Rien ne va plus à la Commission des relations avec les citoyens (CRC) qui se penche depuis deux ans sur la question de la place des femmes en politique.

Des libéraux qui y siègent ont pris le marqueur rouge pour biffer presque l’entièreté du rapport préliminaire, rejetant ainsi ses principaux constats et accusant le Service de la recherche de l’Assemblée nationale d’avoir manqué de «rigueur» dans sa rédaction, a appris La Presse canadienne.

Très attendu dans les milieux féministes et les partis politiques, le rapport final de la commission doit être rendu public vers la fin mai ou début juin.

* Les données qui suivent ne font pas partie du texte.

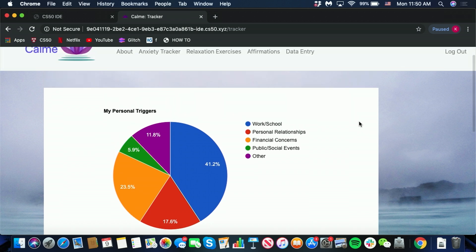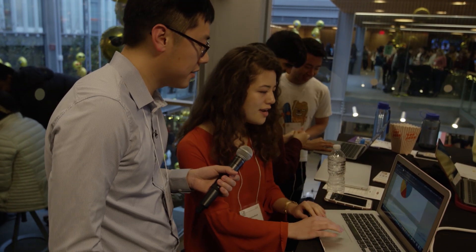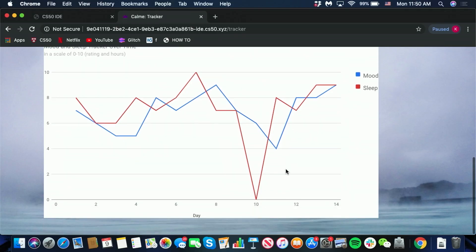So can you tell me about the technology that you used to build this? Yeah, so this website is built with Python, HTML, SQL, and some JavaScript. Did you discover any libraries? I see some charts — are these from? Yes, I'm using a Google template for this pie chart and line graph as well.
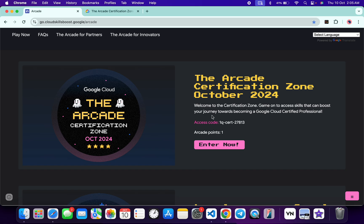What you do is copy this access code, and then click on this Enter Now button over here. Just copy this and then click over here.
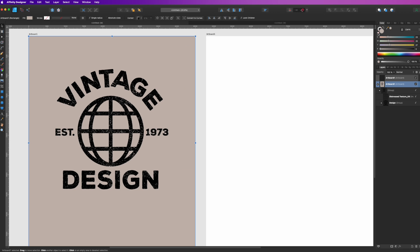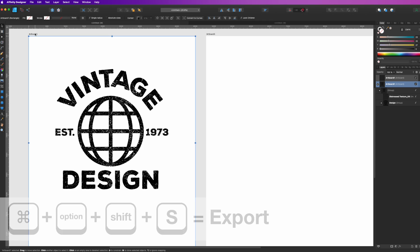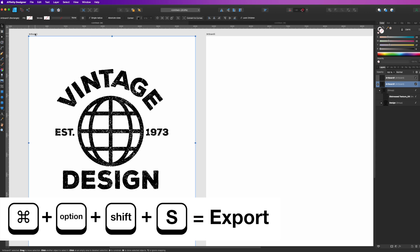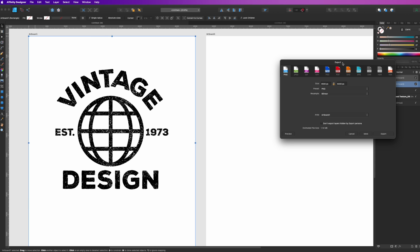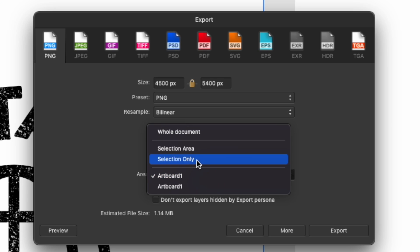When you export this for a t-shirt, you'll do Command Option Shift S, which is Export, and you're going to save it as selection only. That will save it with that distressed texture on it and you'll be good to go.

Il devait formuler des recommandations pour dire comment les partis, le gouvernement et l’Assemblée nationale pouvaient de façon très concrète, et à court terme, lever les obstacles et créer les conditions favorables à la parité hommes-femmes en politique.

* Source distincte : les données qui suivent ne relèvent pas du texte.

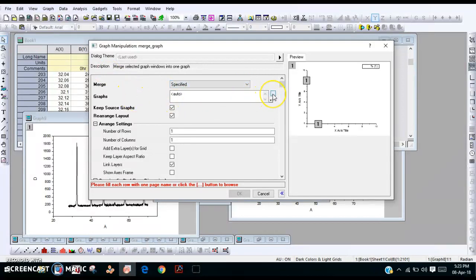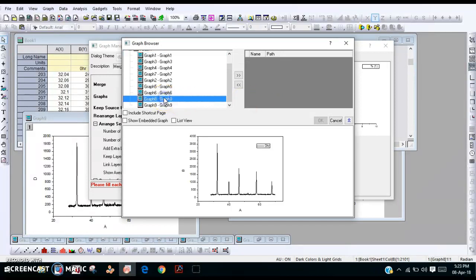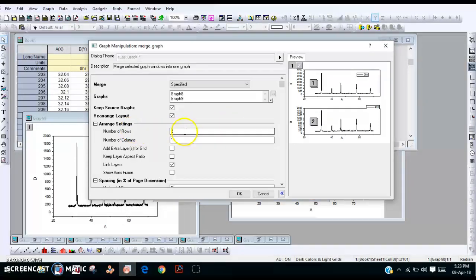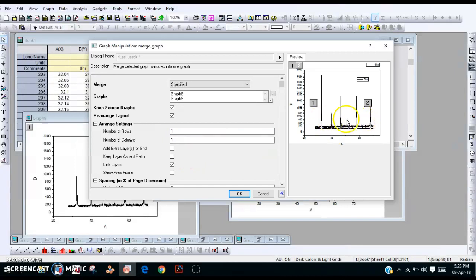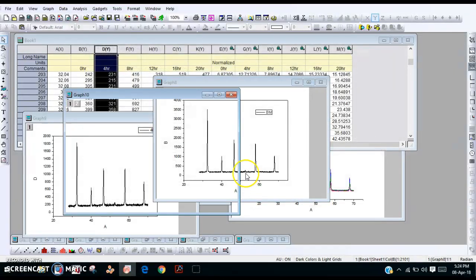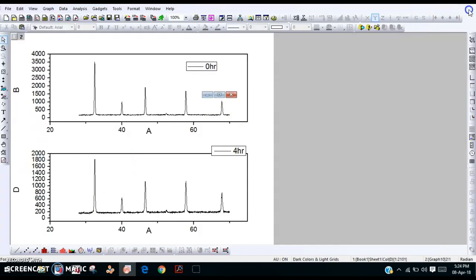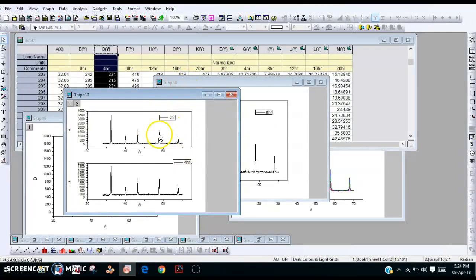Select the curves from the list — select graph 8 and put it on the right side, then graph 9 also on the right side, then click OK. Set the number of rows to 2 and columns to 1. If you want them overlapped, set columns to 1; if you want 2 columns side by side, select 2 columns and click OK. A new image is created, and you can change all the parameters as desired. Similarly, this image can be merged with another image plotted earlier.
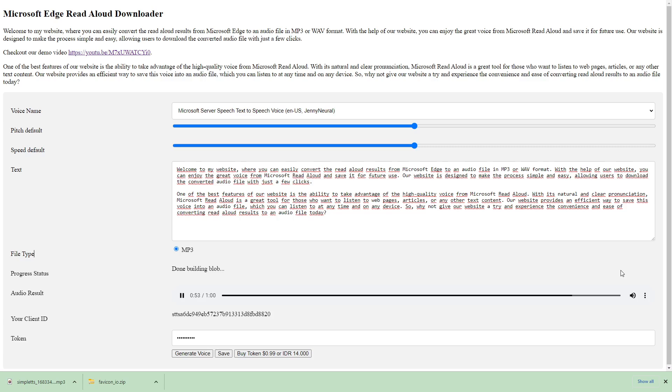So why not give our website a try and experience the convenience and ease of converting read-aloud results to an audio file today. Thank you.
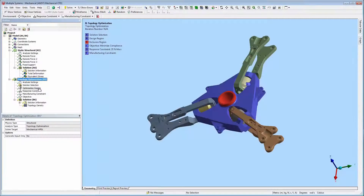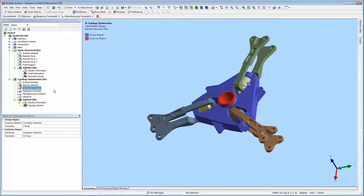The optimization region specifies the design region of the model that you wish to optimize — the central rotor component in this case — and the exclusion region, as highlighted in red.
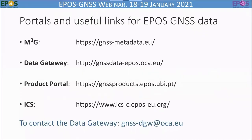This concludes the demonstration of the web and command line clients. Let's finish with some useful links: the M3G, the Data Gateway, the Product Portal, the ICS, and to contact the Data Gateway write to GNSS-DGW at oca.eu. Thank you for your attention.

Car plus de 75 ans après avoir obtenu le droit de voter et de se porter candidates, les Québécoises occupent moins du tiers des sièges parlementaires alors qu’elles représentent la moitié de la population.

Modifications «substantielles» exigées
Or, comme le rapportait La Presse canadienne en avril, la CRC — qui est formée d’une majorité de libéraux —a plutôt choisi de privilégier le statu quo.

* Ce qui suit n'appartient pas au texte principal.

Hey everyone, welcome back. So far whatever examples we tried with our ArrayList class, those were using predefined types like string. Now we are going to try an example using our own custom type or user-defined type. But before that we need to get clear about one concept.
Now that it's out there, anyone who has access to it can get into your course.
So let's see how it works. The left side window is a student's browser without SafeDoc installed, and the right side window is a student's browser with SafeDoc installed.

Pas besoin de loi imposant au moins 40% de candidatures féminines et pas question non plus de recommander aux partis politiques d’atteindre des quotas de candidates.

D’ailleurs, dans un document produit le 9 mai accompagnant le rapport préliminaire et dont La Presse canadienne vient d’obtenir copie, les élus libéraux expriment tout leur malaise face au processus de consultation, à la méthodologie qui s’est avérée «déficiente» et au contenu du rapport qui «fait preuve d’un manque de rigueur».

Fait rare, ils blâment sévèrement les recherchistes de l’Assemblée nationale, qui ont retenu dans le rapport des «propos dirigés», selon eux.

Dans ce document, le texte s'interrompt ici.